Intraoperative Venous Congestion And Delirium After Cardiac Surgery: A Prospective Cohort Study
Overview
- Phase
- Not Applicable
- Status
- Recruiting
- Sponsor
- Zhuan Zhang
- Enrollment
- 120
- Locations
- 1
- Primary Endpoint
- Postoperative delirium after surgery
Overview
Brief Summary
Postoperative delirium (POD) is an acute brain dysfunction characterized by inattention, impaired consciousness, and cognitive and orientation disturbances, and is a common complication after cardiac surgery. The high incidence of up to 52% of POD in cardiac surgery patients lead to a range of adverse clinical outcomes.The brain tissue is enclosed in a rigid anatomical structure; when there is an obstruction to venous return from the brain, intracranial pressure can increase, and blood supply to the brain tissue can decrease, leading to central nervous system dysfunction.

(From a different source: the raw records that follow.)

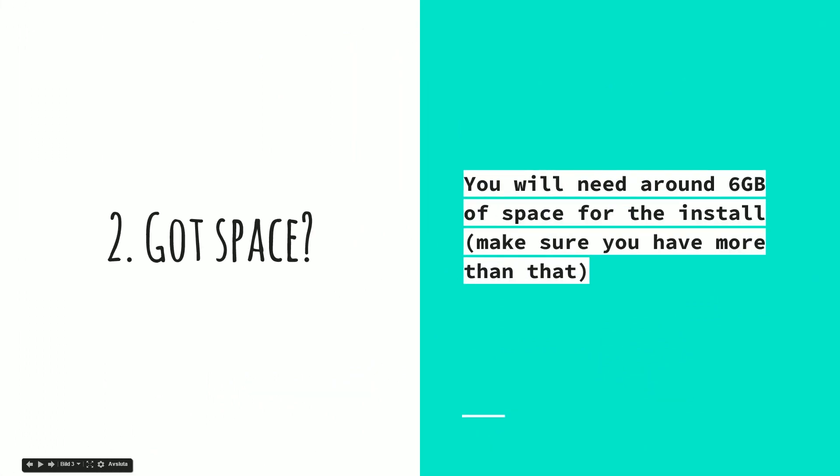The next thing to remember is that you need to have enough space on your hard drive. The general consensus is that this update will be around six gigabytes, so you need that space on your hard drive — but have more because you will need more. You don't want a completely full hard drive when you do the update.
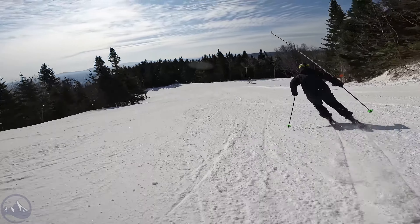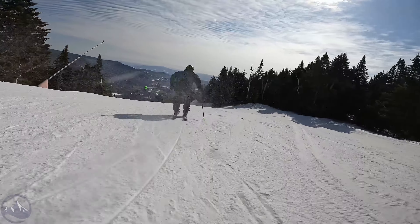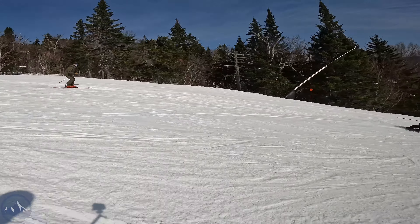Hey skiers, it's Bob with SkiEssentials.com. Welcome to our 2024 ski test. We've got the Line Blade Optic 92 for you today, and other than a graphic update, this ski returns structurally the same since it was new last year — which makes a lot of sense.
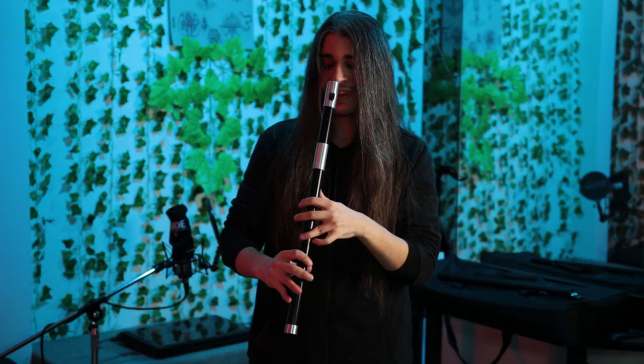First of all, this low whistle is tunable — simply sliding it up and down, you can choose the pitch you need, down and up.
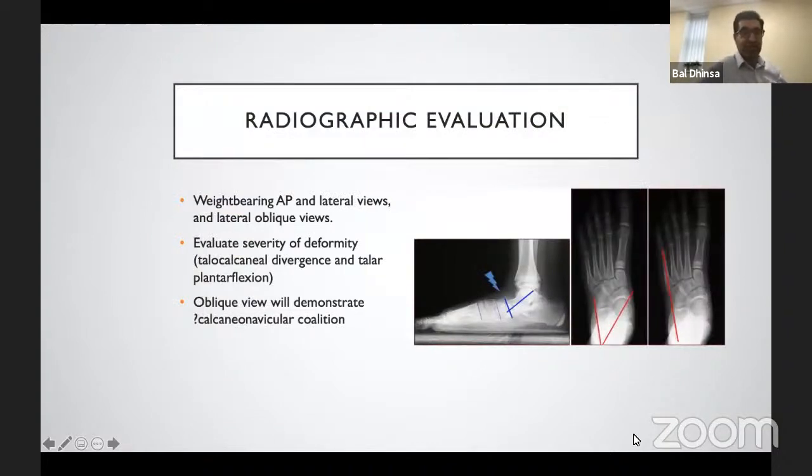Radiographs can be quite confusing in the paediatric setting. Standard radiographs are the weight-bearing AP (dorsal planar) and lateral views, as well as oblique views. On the lateral view, we look at the degree of talar plantar flexion and Meary's angle, and also check for mid-foot break at the naviculocuneiform or first tarsal metatarsal level. On the dorsal planar view, we look at talonavicular divergence and the degree of talar head uncovering. The oblique view is used to see if there is a calcaneonavicular coalition, typically presenting around 9 to 14 years of age.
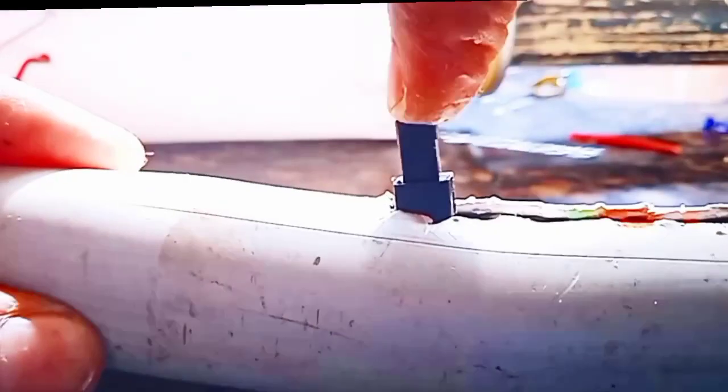I used to connect the wire to the other side. I am going to use this for 2 pairs, then 3 pairs. Now we are going to make a spark in this new technology.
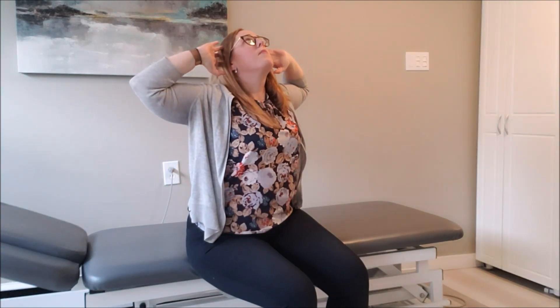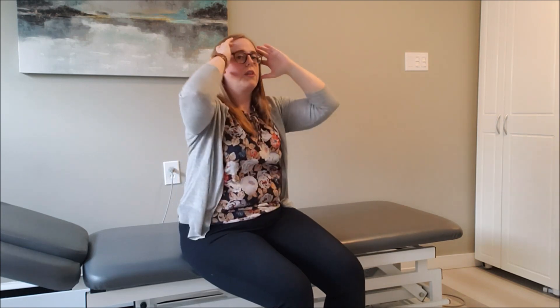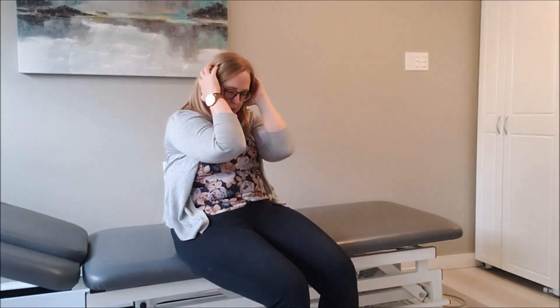Breathe in, elbows come apart, head looks up, and then breathe out and squeeze the elbows together, contracting the front muscles as that happens. Breathe in, contracting the upper back — shoulder blades pulling together as the head goes up — and then breathe out and squeeze the elbows together. Notice my natural tendency is to allow my pelvis to join in, because they should work together to relax and move.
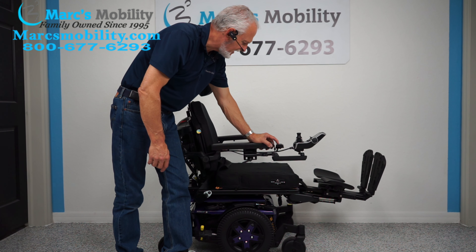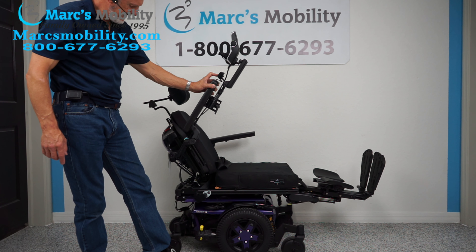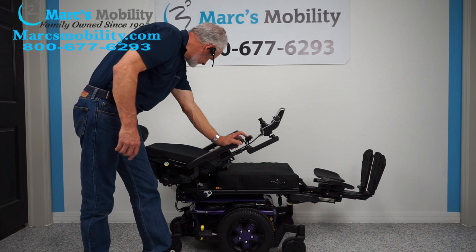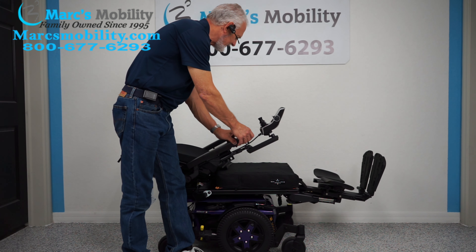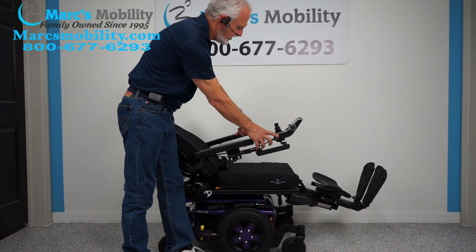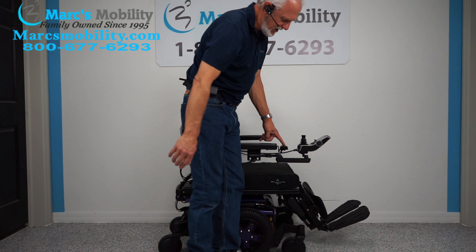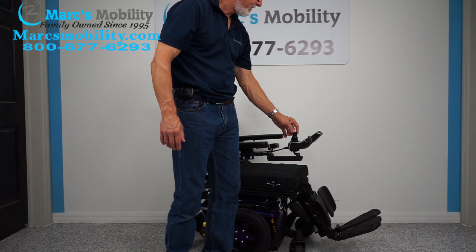I'm going to bring the tilt back down. The last function is called the electric recline — that's when the back goes back by itself. Watch the back go back. That's the electric recline — it's pretty much a full recline. I'm going to bring the recline and the legs back down at the same time; I'm doing two buttons at once. If you want to do two functions at once, you can also do it through the joystick. When you're outside, leave your legs out a bit for a little more clearance.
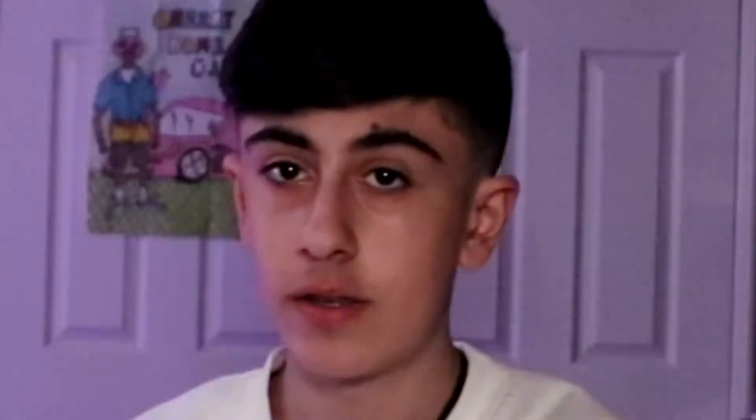Many of my classmates do own real ones and wear them to school, so I've seen them in person but never up close. The shoes contained in this box are a pair of Air Jordan 1 Off-White Retro University Blue OG. Now let's just get on into unboxing these.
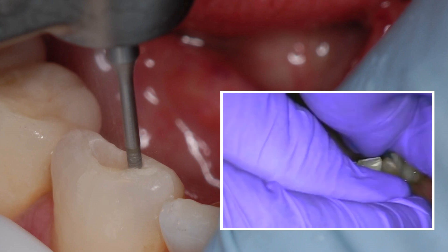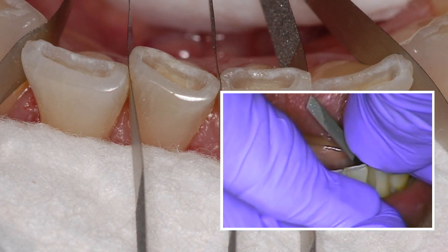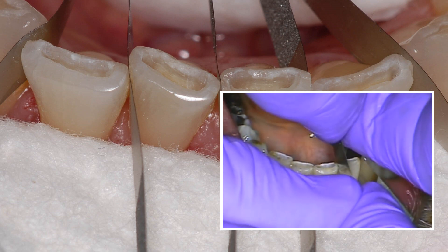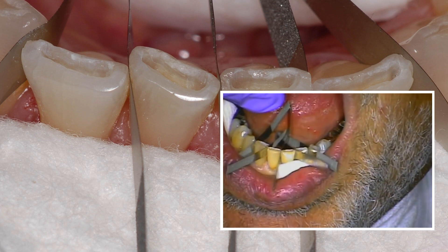That's it. You can see now I've got the preps finished. I'm isolating with whatever you want to isolate with — I use metal strips, you can use Teflon, anything that's thin enough to get in there.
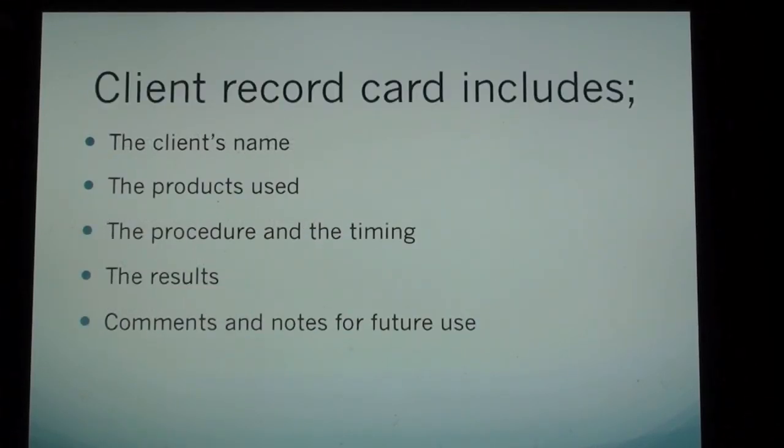Fill out the client record card. The client record card includes the client's name, the products used, the procedure and the timing, the results, and comments and notes for future use.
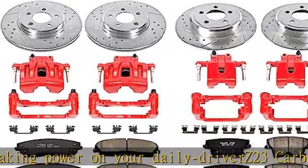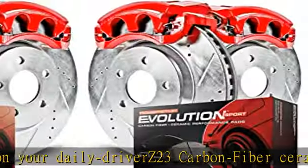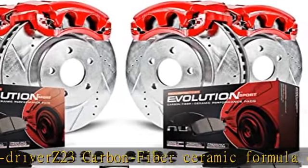Drilled and slotted performance rotors for maximum cooling. Includes premium stainless steel hardware kit and ceramic brake lubricant for easy installation.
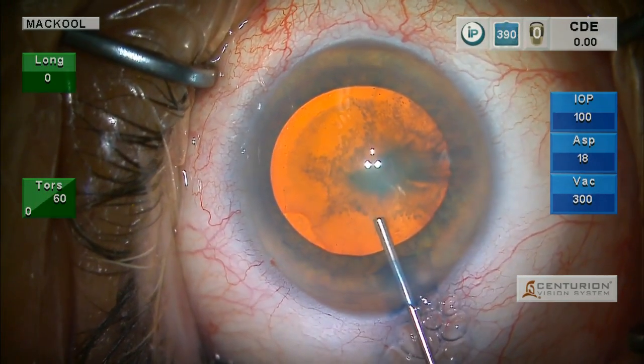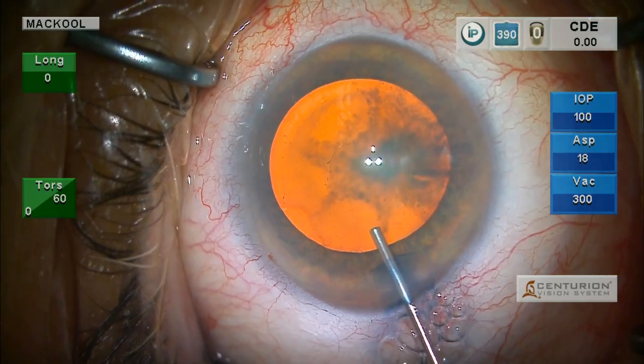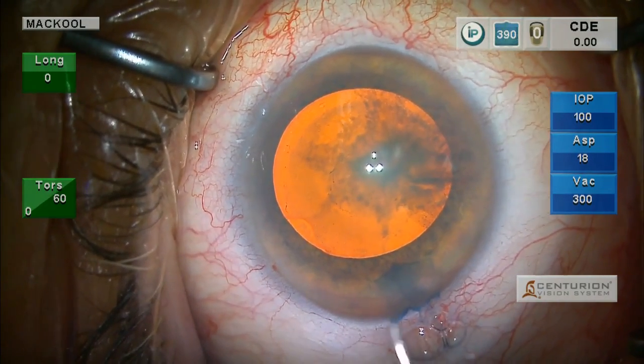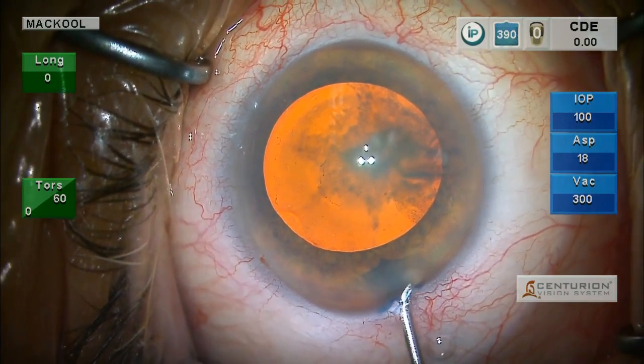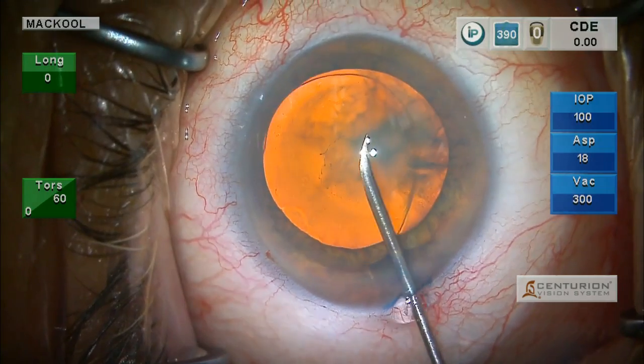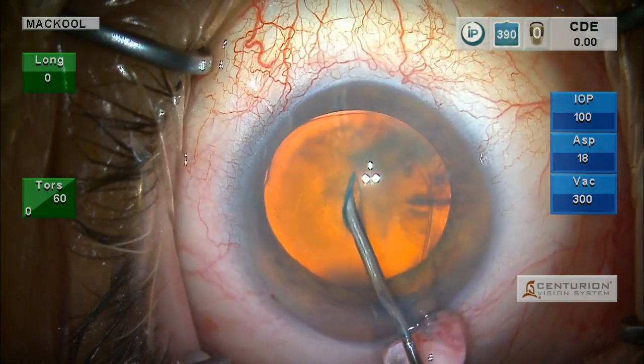Of course, with a lens opacity like this, it'll make it easier to see the capsular edge too. But there's that second reason: to see the capsulorrhexis margins during the procedure in case you need to put in capsule retractors.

Systemic venous congestion can occur when there is right heart dysfunction or excessive volume load. When right heart failure and/or volume overload occurs, changes in right atrial pressure are transmitted to the venous system of organs throughout the body, with dilatation of the inferior vena cava (IVC), obstruction of blood return from the hepatic, portal, and renal veins, and abnormal venous flow signals and altered ultrasound Doppler flow patterns.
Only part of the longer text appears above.